Exercise details -
Below is a listing. Quote from it, exactly, the lines from the one containing "cara mengatasi hidung" down to the one containing "Grand Hotel Santa", both ends included, and nothing else.

*** Given data Section Begins ***

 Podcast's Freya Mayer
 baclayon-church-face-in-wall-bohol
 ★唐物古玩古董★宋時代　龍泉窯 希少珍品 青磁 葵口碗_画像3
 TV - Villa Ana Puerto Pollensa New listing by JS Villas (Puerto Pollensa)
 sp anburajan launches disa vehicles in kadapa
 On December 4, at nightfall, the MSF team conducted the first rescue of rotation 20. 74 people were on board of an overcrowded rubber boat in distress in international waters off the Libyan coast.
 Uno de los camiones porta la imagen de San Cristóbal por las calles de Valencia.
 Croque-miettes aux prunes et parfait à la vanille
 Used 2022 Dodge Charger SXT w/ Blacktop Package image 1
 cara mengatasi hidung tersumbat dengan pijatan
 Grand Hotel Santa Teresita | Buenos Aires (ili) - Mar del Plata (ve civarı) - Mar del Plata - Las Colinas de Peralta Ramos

*** Given data Section Ends ***
*** Given data Section Begins ***

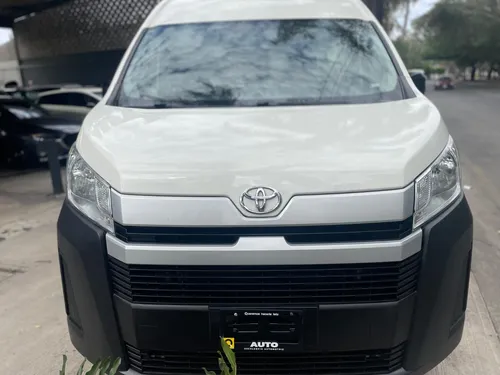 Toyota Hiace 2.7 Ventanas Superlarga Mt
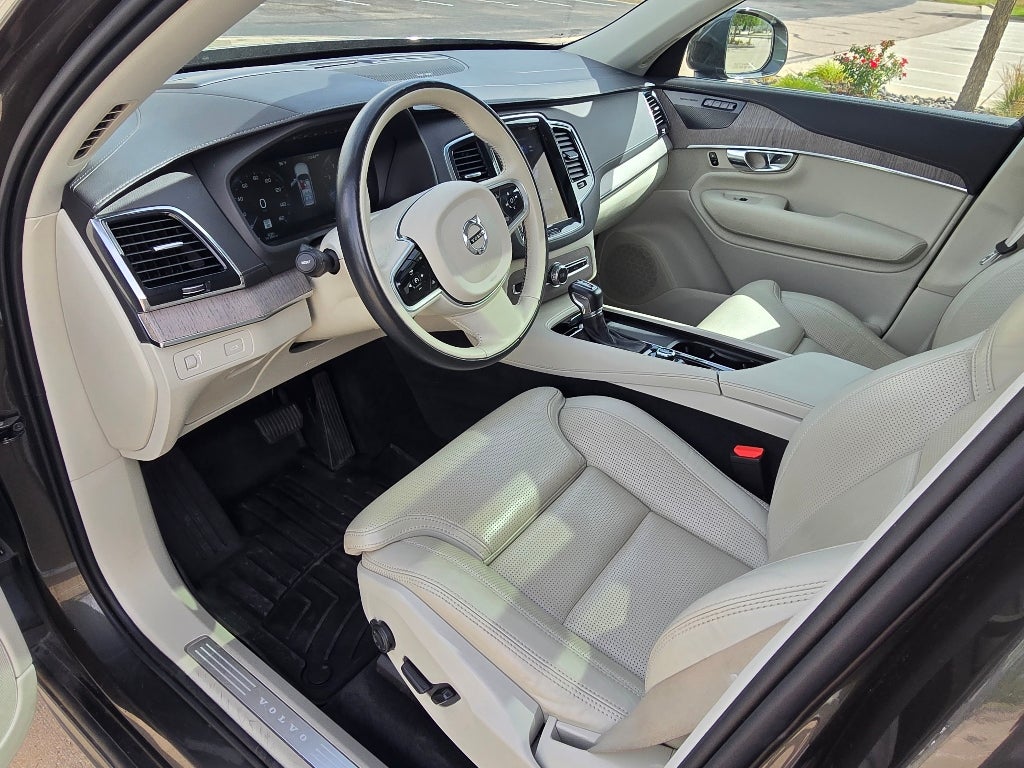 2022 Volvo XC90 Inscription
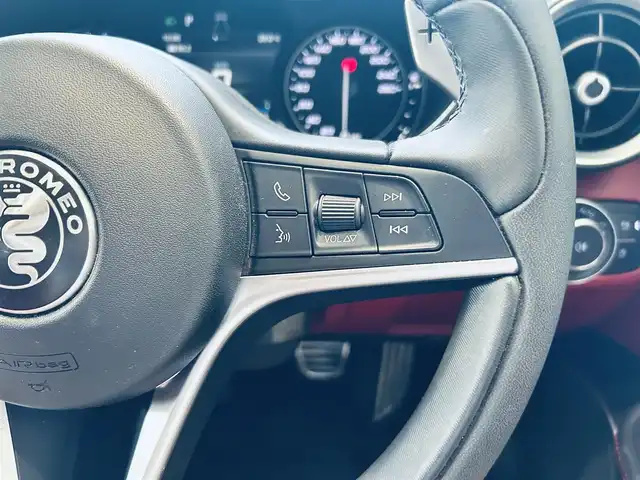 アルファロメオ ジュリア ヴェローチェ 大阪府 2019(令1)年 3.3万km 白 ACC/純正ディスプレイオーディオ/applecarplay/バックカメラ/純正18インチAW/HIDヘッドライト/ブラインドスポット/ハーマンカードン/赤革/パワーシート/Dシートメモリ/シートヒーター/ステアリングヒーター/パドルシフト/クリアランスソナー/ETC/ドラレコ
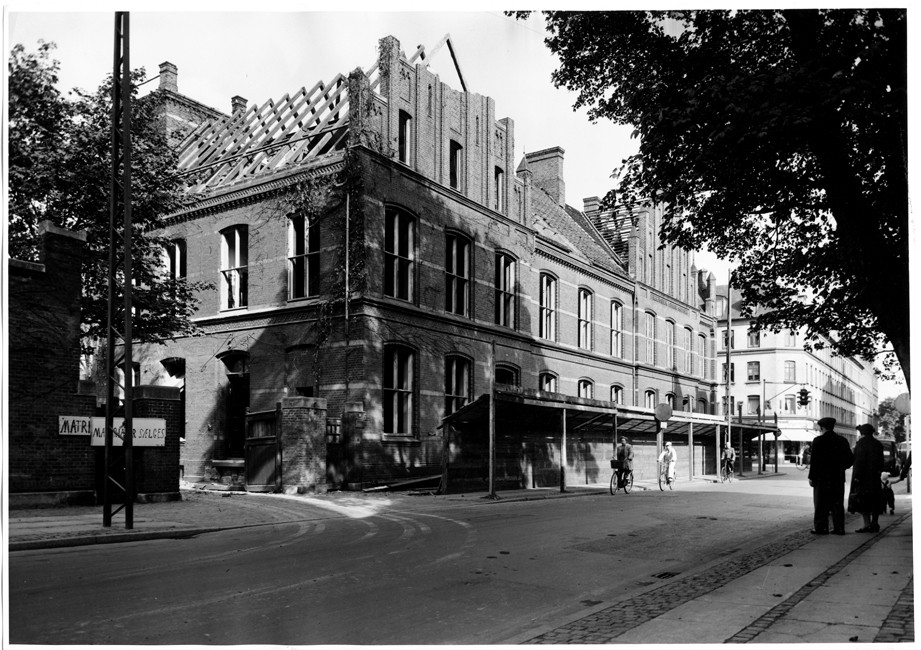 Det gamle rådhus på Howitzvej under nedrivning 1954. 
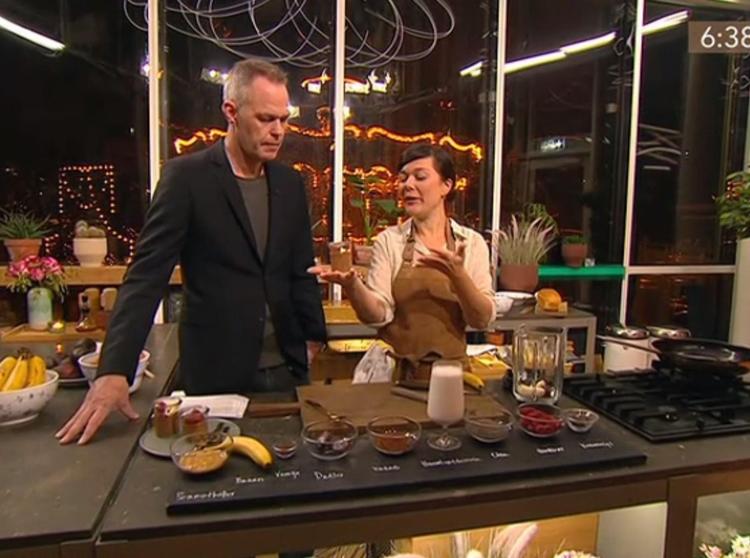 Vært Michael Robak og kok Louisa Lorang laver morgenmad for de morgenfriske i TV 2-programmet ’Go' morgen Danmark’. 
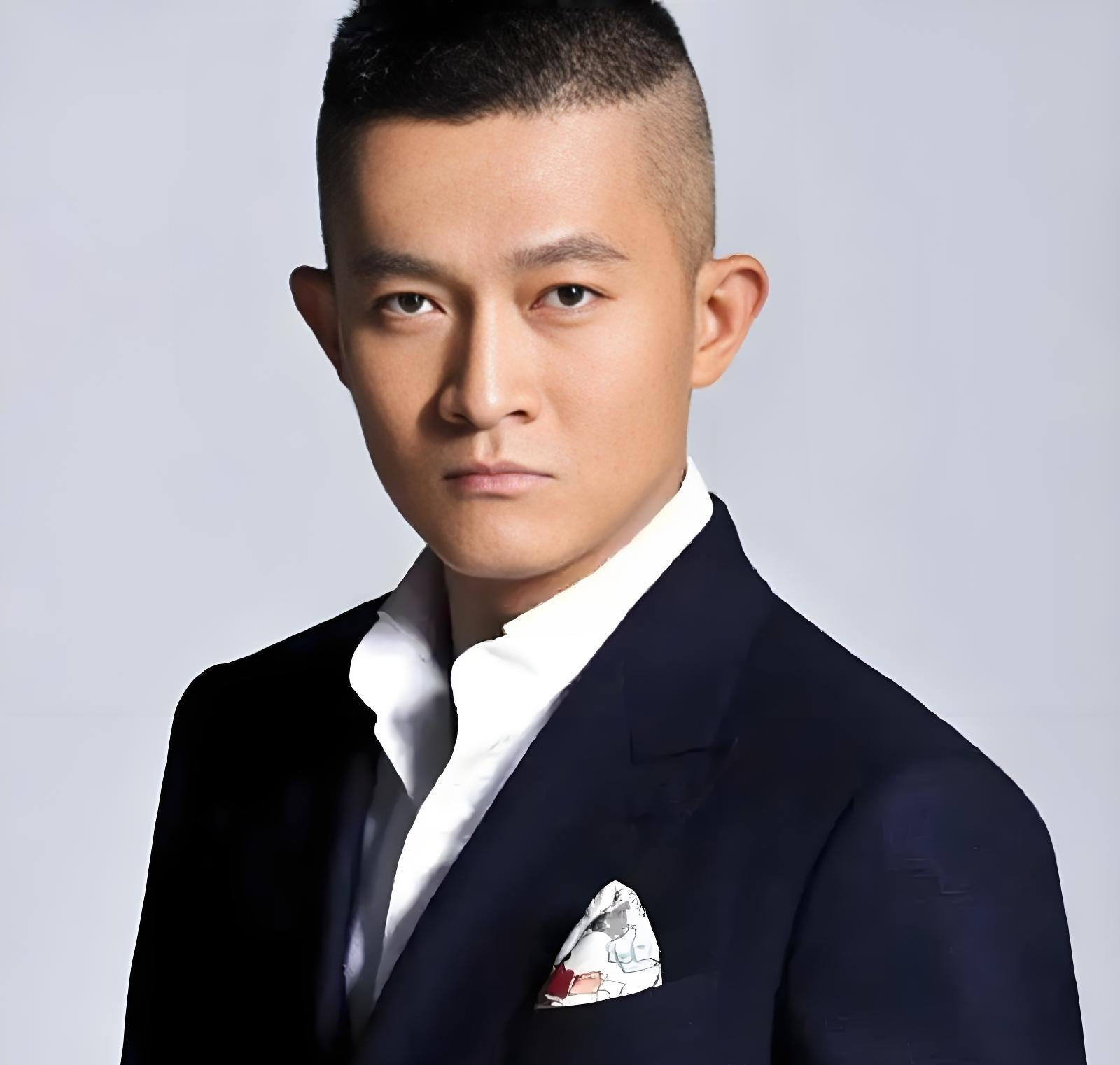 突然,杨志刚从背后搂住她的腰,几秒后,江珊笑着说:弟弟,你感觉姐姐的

*** Given data Section Ends ***
*** Given data Section Begins ***

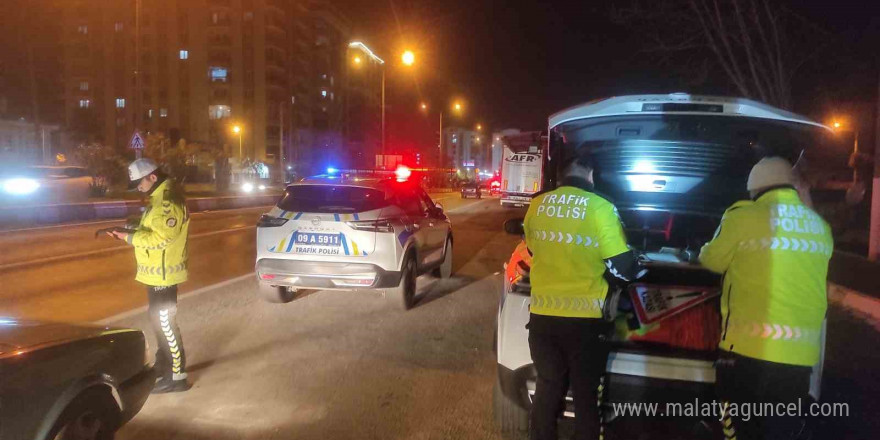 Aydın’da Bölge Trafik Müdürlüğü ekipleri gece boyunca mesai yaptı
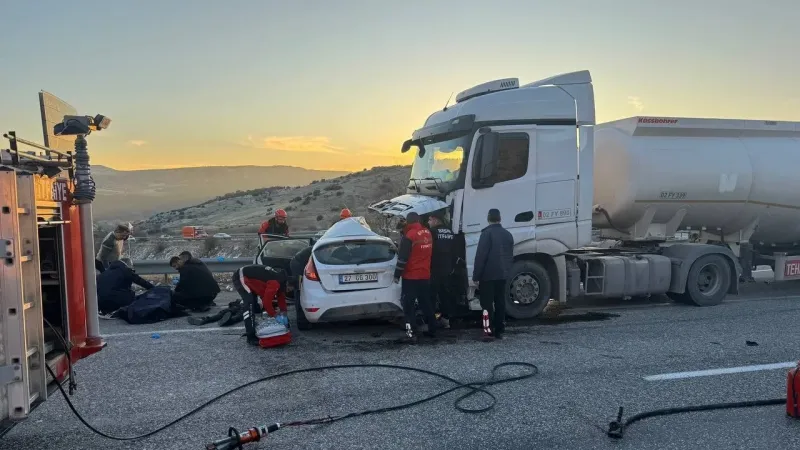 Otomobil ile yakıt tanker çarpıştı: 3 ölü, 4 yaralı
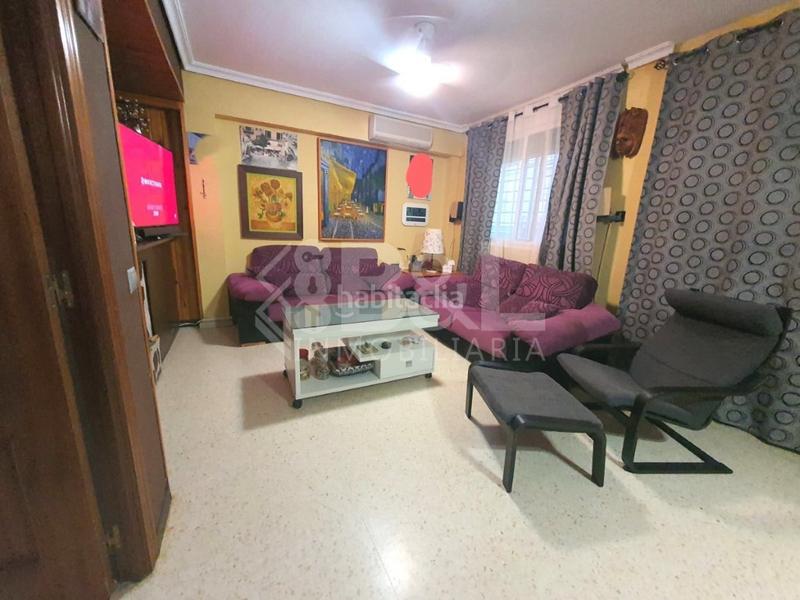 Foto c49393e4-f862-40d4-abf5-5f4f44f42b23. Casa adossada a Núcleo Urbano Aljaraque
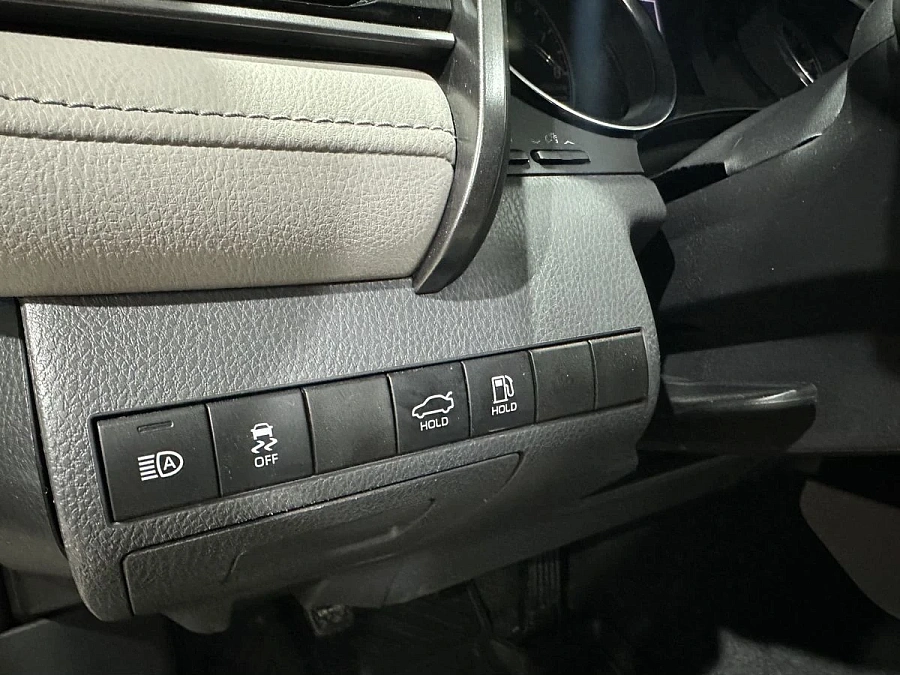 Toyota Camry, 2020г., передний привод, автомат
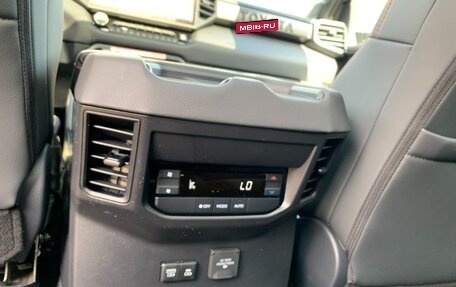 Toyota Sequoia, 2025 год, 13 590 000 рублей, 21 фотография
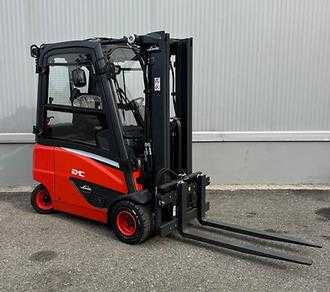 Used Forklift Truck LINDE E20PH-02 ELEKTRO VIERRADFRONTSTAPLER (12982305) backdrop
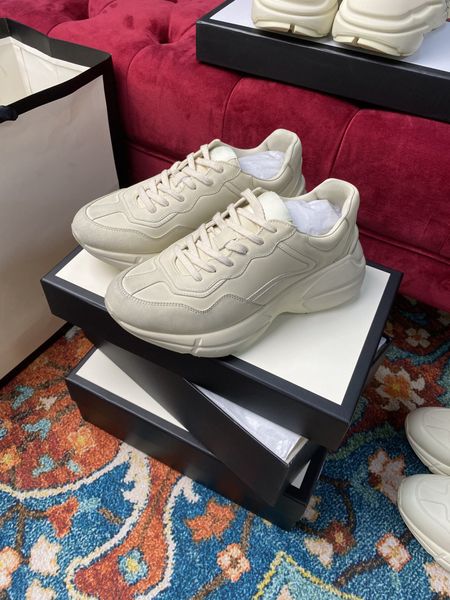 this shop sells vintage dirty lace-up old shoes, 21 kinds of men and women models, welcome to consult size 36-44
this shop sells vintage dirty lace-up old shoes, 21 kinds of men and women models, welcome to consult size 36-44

*** Given data Section Ends ***

Answer below -
 cara mengatasi hidung tersumbat dengan pijatan
 Grand Hotel Santa Teresita | Buenos Aires (ili) - Mar del Plata (ve civarı) - Mar del Plata - Las Colinas de Peralta Ramos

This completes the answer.